The August action for Year of the Bird is to discover your parks by birding your public lands. In the U.S., public lands support more than 1,000 bird species, one-third of which are endangered, threatened, or of conservation concern. Birds need a wide variety of habitat, food and nesting locations; our public lands represent bird habitat from arctic tundra to tropical rainforests – providing birds and other animals with a wide variety of protected habitats. This time of year, as many species are just starting to gear up for migration, these resource-rich lands can provide important stopover locations where birds can increase their body weight and the fat reserves needed for their long journeys ahead.
In 1903, shortly after the extinction of Passenger Pigeons in the wild, the first wildlife refuge was created by President Theodore Roosevelt to help protect Brown Pelican breeding sites in Florida. Today, many National Wildlife Refuges are birding hotspots; use this eBird tool to explore different National Wildlife Refuges. The National Park Service offers their Find Your Park website — search by activity “Birdwatching.” Or, from BLM’s Explore Your Public Lands page choose your location and the “Wildlife Viewing” activity to help plan your next birding adventure!
Public lands may be managed by state agencies, such as the Department of Natural Resources or State Parks divisions, or by federal agencies, such as the US Fish & Wildlife Service, National Park Service, Bureau of Land Management, or US Forest Service. It is always important to pay attention to the land status, as public lands are often bordered by private lands.

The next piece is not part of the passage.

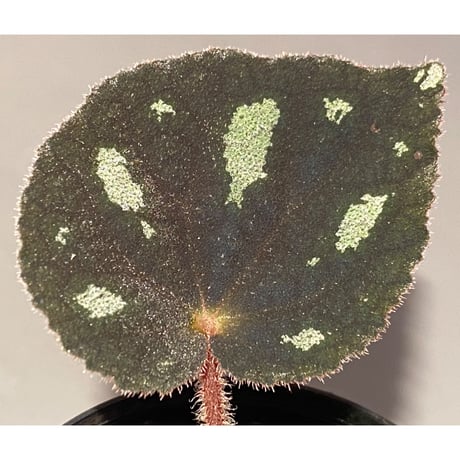 Begonia sp. from Cao Bang [YH050519] TK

While visiting public lands is often free, some special areas require a fee or a pass for entrance, so be sure to check ahead of time. The fees assessed go toward maintenance and operating costs, ensuring that these lands can be enjoyed for generations to come.
All of the public lands in OR and WA should have one or more eBird hotspots available for recording your visit. Please make a habit of using those hotspots, as that is the best way to make your eBird checklist useful to public lands managers. If you discover an area that does not have at least one hotspot created for it, please use the “Suggest as Hotspot” function to establish a new hotspot for that area. You can access the “Suggest as Hotspot” function either by editing your personal location in the “Manage My Locations” section of My eBird, or when you first create a new location, clicking on the “Suggest as Hotspot” button when you name the location. This option is only available on the web version of eBird, not on the app.
Submitting one or more eBird checklists every time you bird on public lands is not only rewarding, it also provides essential data for the conservation and management of our public lands.